Profiling

This guide covers profiling tools and techniques for Comet development. Because Comet spans JVM (Spark) and native (Rust) code, choosing the right profiler depends on what you are investigating.

Choosing a Profiling Tool

Tool	JVM Frames	Native (Rust) Frames	Install Required	Best For
async-profiler	Yes	Yes	Yes	End-to-end Comet profiling with unified JVM + native flame graphs
Java Flight Recorder (JFR)	Yes	No	No (JDK 11+)	GC pressure, allocations, thread contention, I/O — any JVM-level investigation
cargo-flamegraph	No	Yes	Yes	Isolated Rust micro-benchmarks without a JVM

Recommendation: Use async-profiler when profiling Spark queries with Comet enabled — it is the only tool that shows both JVM and native frames in a single flame graph. Use JFR when you need rich JVM event data (GC, locks, I/O) without installing anything. Use cargo-flamegraph when working on native code in isolation via cargo bench.

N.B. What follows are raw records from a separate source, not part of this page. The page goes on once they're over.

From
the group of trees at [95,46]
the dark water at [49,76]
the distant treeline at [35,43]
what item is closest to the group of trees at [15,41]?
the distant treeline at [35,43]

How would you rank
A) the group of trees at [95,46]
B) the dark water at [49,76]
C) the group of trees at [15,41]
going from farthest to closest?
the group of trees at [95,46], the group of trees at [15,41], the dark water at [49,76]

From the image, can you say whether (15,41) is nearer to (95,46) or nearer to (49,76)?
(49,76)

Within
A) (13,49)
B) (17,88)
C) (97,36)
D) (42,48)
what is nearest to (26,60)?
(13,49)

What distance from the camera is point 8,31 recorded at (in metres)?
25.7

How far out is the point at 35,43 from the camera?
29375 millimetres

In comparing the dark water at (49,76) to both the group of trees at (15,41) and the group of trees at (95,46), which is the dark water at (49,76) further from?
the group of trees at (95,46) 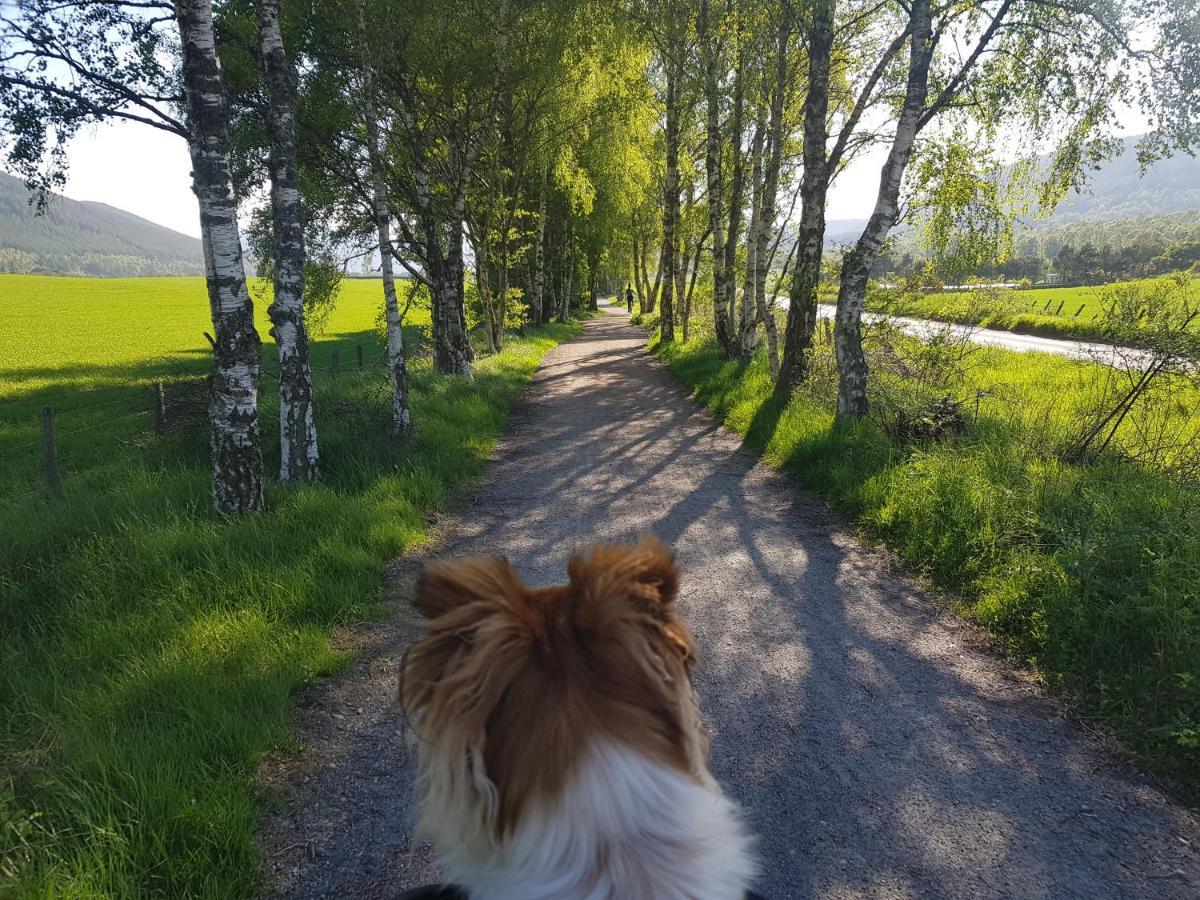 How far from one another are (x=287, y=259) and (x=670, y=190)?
617 inches

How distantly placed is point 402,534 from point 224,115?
4.24 m

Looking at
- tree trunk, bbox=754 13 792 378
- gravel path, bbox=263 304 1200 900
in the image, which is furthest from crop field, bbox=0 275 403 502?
tree trunk, bbox=754 13 792 378

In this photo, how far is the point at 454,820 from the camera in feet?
3.97

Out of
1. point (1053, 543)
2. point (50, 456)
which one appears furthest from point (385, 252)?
point (1053, 543)

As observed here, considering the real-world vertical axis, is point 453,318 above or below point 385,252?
below

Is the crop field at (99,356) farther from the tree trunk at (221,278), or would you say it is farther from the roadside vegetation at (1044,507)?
the roadside vegetation at (1044,507)

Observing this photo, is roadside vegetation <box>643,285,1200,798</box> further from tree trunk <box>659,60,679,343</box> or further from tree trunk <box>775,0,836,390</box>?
tree trunk <box>659,60,679,343</box>

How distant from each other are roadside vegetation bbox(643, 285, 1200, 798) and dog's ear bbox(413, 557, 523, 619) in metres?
4.01

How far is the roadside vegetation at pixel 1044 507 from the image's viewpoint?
3.84m

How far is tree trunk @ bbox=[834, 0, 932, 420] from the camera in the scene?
324 inches

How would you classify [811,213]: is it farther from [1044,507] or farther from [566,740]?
[566,740]

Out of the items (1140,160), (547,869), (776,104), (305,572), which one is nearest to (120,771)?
(305,572)

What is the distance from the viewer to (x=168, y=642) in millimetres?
4055

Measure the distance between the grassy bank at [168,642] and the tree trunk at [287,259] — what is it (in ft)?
2.05
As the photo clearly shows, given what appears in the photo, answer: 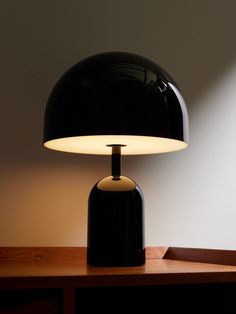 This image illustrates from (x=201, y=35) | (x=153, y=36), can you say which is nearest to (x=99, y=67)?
(x=153, y=36)

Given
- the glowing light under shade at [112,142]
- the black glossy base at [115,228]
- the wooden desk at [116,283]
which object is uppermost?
the glowing light under shade at [112,142]

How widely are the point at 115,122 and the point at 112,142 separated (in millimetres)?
238

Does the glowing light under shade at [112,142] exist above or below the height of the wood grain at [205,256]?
above

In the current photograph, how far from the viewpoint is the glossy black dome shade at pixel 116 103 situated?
916mm

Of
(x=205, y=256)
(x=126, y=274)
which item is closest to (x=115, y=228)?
(x=126, y=274)

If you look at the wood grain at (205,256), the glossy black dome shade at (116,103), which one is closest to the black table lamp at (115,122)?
the glossy black dome shade at (116,103)

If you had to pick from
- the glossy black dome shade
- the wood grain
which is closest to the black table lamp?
the glossy black dome shade

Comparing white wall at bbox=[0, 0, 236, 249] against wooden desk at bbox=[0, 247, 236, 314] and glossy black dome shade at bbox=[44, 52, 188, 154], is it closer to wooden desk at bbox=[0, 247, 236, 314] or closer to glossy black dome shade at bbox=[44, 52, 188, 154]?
wooden desk at bbox=[0, 247, 236, 314]

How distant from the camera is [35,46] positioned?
4.46ft

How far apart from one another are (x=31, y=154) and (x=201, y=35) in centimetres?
73

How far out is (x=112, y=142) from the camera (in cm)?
→ 115

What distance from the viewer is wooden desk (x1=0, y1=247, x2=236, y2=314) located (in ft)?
2.90

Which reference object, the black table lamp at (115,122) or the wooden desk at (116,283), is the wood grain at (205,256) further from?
the black table lamp at (115,122)

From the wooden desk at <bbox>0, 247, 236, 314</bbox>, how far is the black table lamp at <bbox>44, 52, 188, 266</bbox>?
8 centimetres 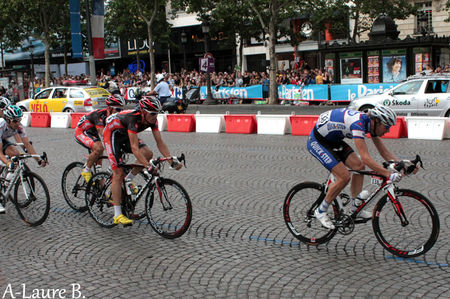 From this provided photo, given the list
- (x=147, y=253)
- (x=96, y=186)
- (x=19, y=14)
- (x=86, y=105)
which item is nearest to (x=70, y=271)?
(x=147, y=253)

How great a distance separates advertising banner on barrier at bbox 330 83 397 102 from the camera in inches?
946

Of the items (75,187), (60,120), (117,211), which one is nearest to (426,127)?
(75,187)

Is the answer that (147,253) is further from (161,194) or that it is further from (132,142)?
(132,142)

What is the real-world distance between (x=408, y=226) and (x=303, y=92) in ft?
72.2

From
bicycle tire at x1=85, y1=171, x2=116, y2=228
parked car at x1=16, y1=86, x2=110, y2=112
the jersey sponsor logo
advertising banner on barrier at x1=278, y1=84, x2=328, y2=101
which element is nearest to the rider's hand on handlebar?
the jersey sponsor logo

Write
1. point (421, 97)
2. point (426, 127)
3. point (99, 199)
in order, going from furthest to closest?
point (421, 97), point (426, 127), point (99, 199)

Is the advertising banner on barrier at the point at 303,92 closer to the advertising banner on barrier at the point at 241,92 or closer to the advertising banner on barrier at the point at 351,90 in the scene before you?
the advertising banner on barrier at the point at 351,90

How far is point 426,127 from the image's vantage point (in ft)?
51.2

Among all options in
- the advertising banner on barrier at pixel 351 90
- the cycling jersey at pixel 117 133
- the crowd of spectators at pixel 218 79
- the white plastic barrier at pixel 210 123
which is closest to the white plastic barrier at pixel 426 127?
the white plastic barrier at pixel 210 123

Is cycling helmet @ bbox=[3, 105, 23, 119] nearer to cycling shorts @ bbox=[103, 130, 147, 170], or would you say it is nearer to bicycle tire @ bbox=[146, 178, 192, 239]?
cycling shorts @ bbox=[103, 130, 147, 170]

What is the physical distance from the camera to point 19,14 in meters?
43.2

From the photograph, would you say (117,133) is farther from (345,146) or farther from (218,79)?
(218,79)

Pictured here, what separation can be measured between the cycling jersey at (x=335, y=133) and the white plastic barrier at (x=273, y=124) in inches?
456

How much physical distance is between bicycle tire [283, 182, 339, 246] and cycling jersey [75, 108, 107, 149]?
355 cm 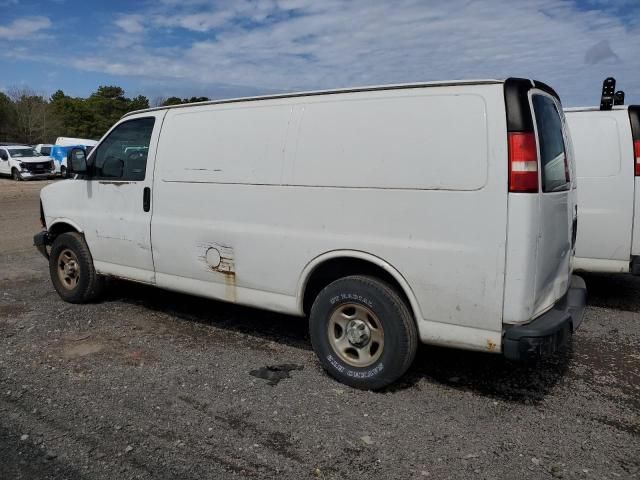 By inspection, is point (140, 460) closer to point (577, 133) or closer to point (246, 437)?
point (246, 437)

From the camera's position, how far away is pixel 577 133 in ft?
19.9

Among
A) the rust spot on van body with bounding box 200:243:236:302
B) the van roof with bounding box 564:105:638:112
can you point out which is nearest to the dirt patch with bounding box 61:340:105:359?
the rust spot on van body with bounding box 200:243:236:302

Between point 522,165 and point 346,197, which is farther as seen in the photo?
point 346,197

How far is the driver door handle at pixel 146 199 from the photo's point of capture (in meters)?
4.97

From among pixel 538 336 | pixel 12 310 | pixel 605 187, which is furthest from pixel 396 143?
pixel 12 310

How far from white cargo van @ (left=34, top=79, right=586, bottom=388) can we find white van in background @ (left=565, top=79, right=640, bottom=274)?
6.18ft

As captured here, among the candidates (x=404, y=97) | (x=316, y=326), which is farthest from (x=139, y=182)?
(x=404, y=97)

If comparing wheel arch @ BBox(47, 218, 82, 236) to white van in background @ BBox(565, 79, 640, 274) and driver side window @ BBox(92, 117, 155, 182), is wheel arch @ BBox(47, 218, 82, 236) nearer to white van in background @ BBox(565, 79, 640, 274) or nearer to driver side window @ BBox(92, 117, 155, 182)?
driver side window @ BBox(92, 117, 155, 182)

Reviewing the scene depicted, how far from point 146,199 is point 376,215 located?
7.93ft

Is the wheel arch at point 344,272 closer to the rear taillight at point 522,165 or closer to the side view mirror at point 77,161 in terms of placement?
the rear taillight at point 522,165

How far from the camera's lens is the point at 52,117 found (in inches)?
2126

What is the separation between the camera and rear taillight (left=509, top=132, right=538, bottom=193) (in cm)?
319

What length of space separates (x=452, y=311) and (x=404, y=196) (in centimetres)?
82

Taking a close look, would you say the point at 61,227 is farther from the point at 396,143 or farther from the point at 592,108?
the point at 592,108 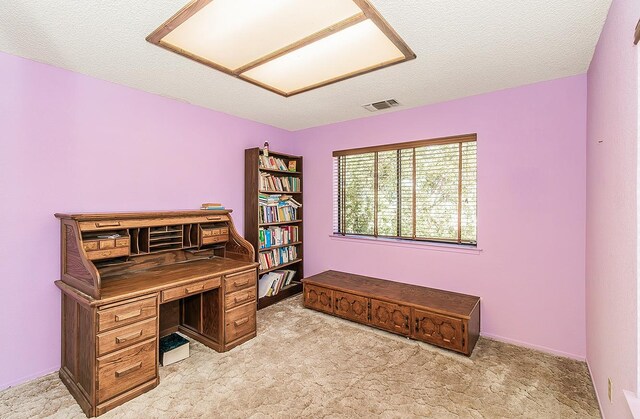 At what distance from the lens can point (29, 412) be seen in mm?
1957

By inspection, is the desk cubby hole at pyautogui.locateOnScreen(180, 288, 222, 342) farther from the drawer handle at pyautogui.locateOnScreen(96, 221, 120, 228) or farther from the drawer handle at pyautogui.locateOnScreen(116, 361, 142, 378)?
the drawer handle at pyautogui.locateOnScreen(96, 221, 120, 228)

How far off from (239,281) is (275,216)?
1.39 meters

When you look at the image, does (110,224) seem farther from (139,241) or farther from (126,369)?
(126,369)

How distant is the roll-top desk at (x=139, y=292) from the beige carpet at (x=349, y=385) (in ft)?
0.50

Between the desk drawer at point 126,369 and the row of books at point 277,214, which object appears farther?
the row of books at point 277,214

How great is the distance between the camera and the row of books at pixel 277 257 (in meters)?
3.89

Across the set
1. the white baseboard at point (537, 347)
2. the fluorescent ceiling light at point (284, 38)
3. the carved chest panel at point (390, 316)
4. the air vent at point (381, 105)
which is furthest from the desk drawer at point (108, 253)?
the white baseboard at point (537, 347)

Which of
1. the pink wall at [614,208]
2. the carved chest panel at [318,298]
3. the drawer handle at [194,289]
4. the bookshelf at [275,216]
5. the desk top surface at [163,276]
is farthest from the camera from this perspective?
the bookshelf at [275,216]

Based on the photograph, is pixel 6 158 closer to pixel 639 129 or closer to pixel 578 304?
pixel 639 129

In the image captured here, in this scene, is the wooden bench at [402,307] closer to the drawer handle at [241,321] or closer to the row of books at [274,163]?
the drawer handle at [241,321]

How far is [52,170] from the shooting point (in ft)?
7.82

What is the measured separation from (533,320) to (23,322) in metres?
4.34

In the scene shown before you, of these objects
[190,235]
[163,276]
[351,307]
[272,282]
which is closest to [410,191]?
[351,307]

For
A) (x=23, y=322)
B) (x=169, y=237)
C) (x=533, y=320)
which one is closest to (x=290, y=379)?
(x=169, y=237)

Profiling with async-profiler

async-profiler captures JVM and native code in the same flame graph by using Linux perf_events or macOS dtrace. This makes it ideal for profiling Comet, where hot paths cross the JNI boundary between Spark and Rust.

Installation

Download a release from the async-profiler releases page:

# Linux x64
wget https://github.com/async-profiler/async-profiler/releases/download/v3.0/async-profiler-3.0-linux-x64.tar.gz
mkdir -p $HOME/opt/async-profiler
tar xzf async-profiler-3.0-linux-x64.tar.gz -C $HOME/opt/async-profiler --strip-components=1
export ASYNC_PROFILER_HOME=$HOME/opt/async-profiler

On macOS, download the appropriate macos archive instead.

Attaching to a running Spark application

Use the asprof launcher to attach to a running JVM by PID:

# Start CPU profiling for 30 seconds, output an HTML flame graph
$ASYNC_PROFILER_HOME/bin/asprof -d 30 -f flamegraph.html <pid>

# Wall-clock profiling
$ASYNC_PROFILER_HOME/bin/asprof -e wall -d 30 -f flamegraph.html <pid>

# Start profiling (no duration limit), then stop later
$ASYNC_PROFILER_HOME/bin/asprof start -e cpu <pid>
# ... run your query ...
$ASYNC_PROFILER_HOME/bin/asprof stop -f flamegraph.html <pid>

Find the Spark driver/executor PID with jps or pgrep -f SparkSubmit.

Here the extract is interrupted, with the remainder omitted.